Whilst in Luxor we drove to Abydos for the day and through a rainy sandstorm. Something quite new. Happily it did'nt last very long, only a few minutes and after 150 kilometers or so of an otherwise uneventful stretch reached Nagaa. Instead of sticking to the main road which now turns sharply to the right towards the Nile, we drove straight on along minor tracks, through smoldering rubbish dumps and bloated carcases, between the settlements to our right and the hills on the left, to Abydos. As we emerged out of the middle of nowhere between the houses and through the back door, the police guarding the entrance to the Plazza before the Temple of Seti I, were completely consternated and we had to reconstruct our route several times to several people, and have our papers scrutinized, before being shown where to park.

The temple itself is extraordinarily well preserved which is a blessing for the murals inside. The most famous of them if not the most enhancing is the King List. Beginning with Narmer and ending with Seti I himself, the list shows Seti I and his son Ramesses II and 76 cartouches bearing the names of revered ancestors. The most infamous purportedly showing a helicopter, a jet or a U.F.O., and a submarine or tank. The arguement favouring little green men is frankly humbug and codswallop. Behind the Temple is the so called Osirion. The age and purpose of it is still disputed. It resembles the Valley Temple in Giza. The immensity and simplicity of the stones is impressive.

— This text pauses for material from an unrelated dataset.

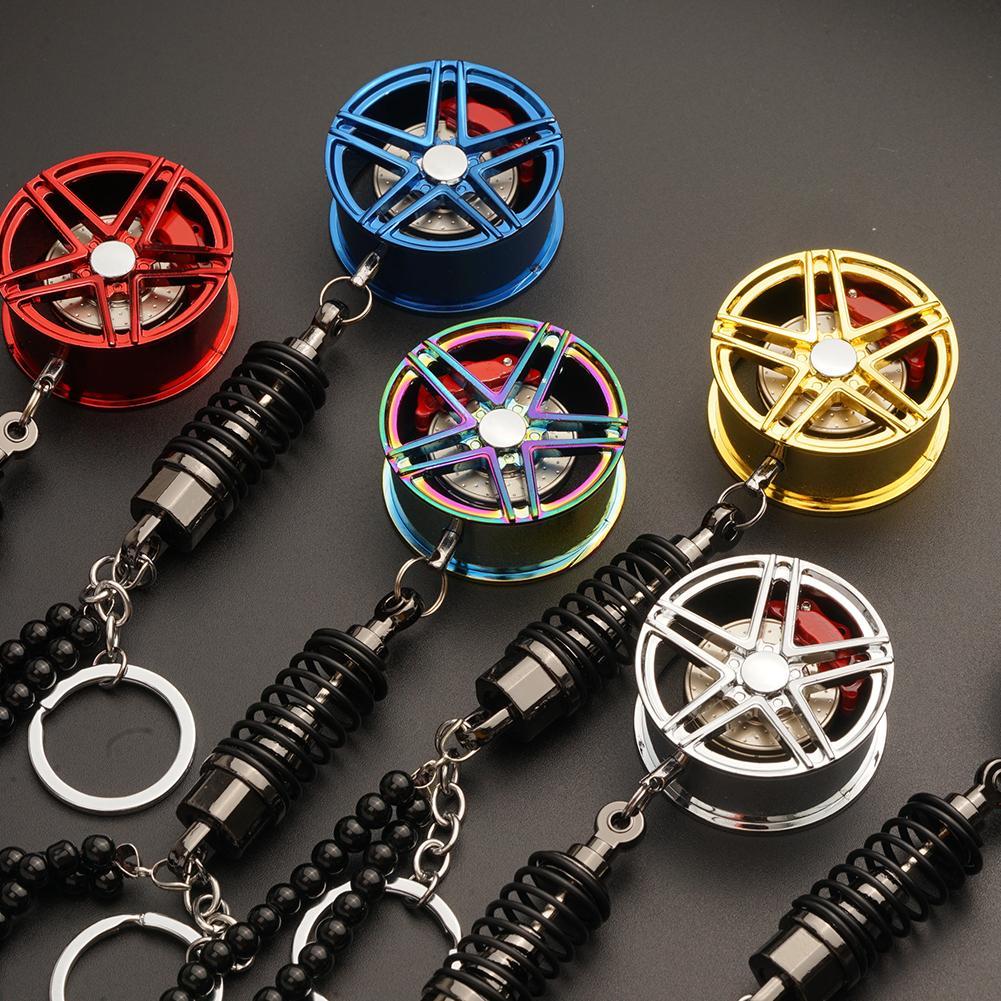 Wheel Rim Rearview Mirror Car Keychain Decor - Image 2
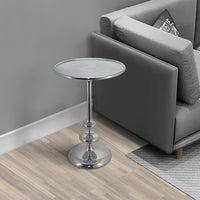 23 Inch Modern Aluminum Side Table, Round Tabletop and Base, Carved, Silver - BM284759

We were'nt allowed to take the same way back. We had to go through the town and take the main road along the Nile which was far less interesting, time consuming and longer. Not only that, we were forced to take an escort. I complained bitterly but nothing was to be gained. A local minibus with two other tourists, only the four of us were there, waited for us pending the outcome of the negotiations and as we joined them a pickup with two policemen inside and another two on the back led the way followed by a motorcycle. I was quite vexed about it, anticipating that it would be expensive, but as we arrived at a checkpoint some 10 kilometers further on they turned back without further ado , smiling and wove goodbye.